Westlich davon, auf der ukrainischen Seite der Grenze, in rund 180 Kilometern Entfernung, schauen sich nicht nur die Dörfer mit ihren einstöckigen Holzhäusern, Feldern und Störchen, die auf Kaminen und Telegrafenmasten nisten, zum Verwechseln ähnlich, auch die Probleme der Menschen ähneln einander. „Alles hat sich geändert, nur die Radioaktivität ist geblieben", sagt Alla Lutschenko, die mit ihren beiden Söhnen im Dorf Mnjow wohnt.
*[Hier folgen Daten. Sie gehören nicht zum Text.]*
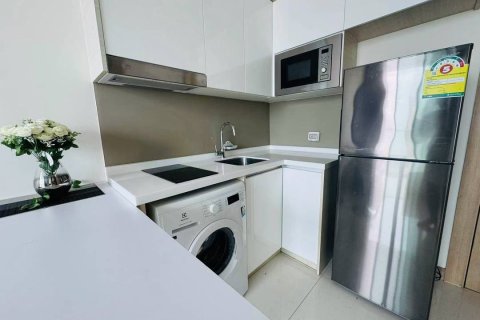 Apartamento de 2 habitaciones en Pattaya, Tailandia № 233635 - foto 2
Die Regierung in Kiew hat den Tschernobyl-Betroffenen in den vergangenen Jahren ebenfalls Stück für Stück die Vergünstigungen gestrichen, das Land steckt in einer Wirtschaftskrise. Seit Anfang Januar gibt es nun keine kostenlosen Medikamente oder Verpflegung in der Schule mehr - bislang die einzige Möglichkeit für Kinder, saubere, nicht kontaminierte Lebensmittel zu erhalten. Im Dorf gäbe es viele Krebsfälle, die Radioaktivität beunruhige die Leute, erzählt die junge Frau.

Schutz für 100 Jahre

Von Mnjow ist es nicht mehr weit in die 30-Kilometer-Sperrzone, nach Tschernobyl. Der nach dem Unfall hastig über dem explodierten Reaktor vier errichtete Sarkophag aus Stahl und Beton macht einen baufälligen Eindruck. Kräne ragen in die Luft, an der Seite sind Gerüste angebracht. Unmittelbar daneben wächst die glänzende, gigantische Stahlkonstruktion der bogenförmigen neuen Schutzhülle in die Höhe. Errichtet wird das New Safety Confinement (NSC) vom französisch-deutschen Konsortium Novarka. Nach erheblichen Verzögerungen im Zeitplan soll das NSC nun 2017 über den alten Sarkophag geschoben werden. Für die nächsten 100?Jahre verspricht das Bauwerk, dessen Kosten auf 1,5 Milliarden $ geschätzt werden, Schutz vor radioaktiver Strahlung.

Das Problem wird damit jedoch nur verschoben, nicht gelöst, wie ein Besuch in der Stadt Prypjat zeigt. Die ehemalige Wohnstätte der AKW-Arbeiter mit ihren verfallenen Gebäuden zieht bereits wieder Touristengruppen an. Erneut bewohnbar wird sie allerdings erst in mehreren zehntausend Jahren sein.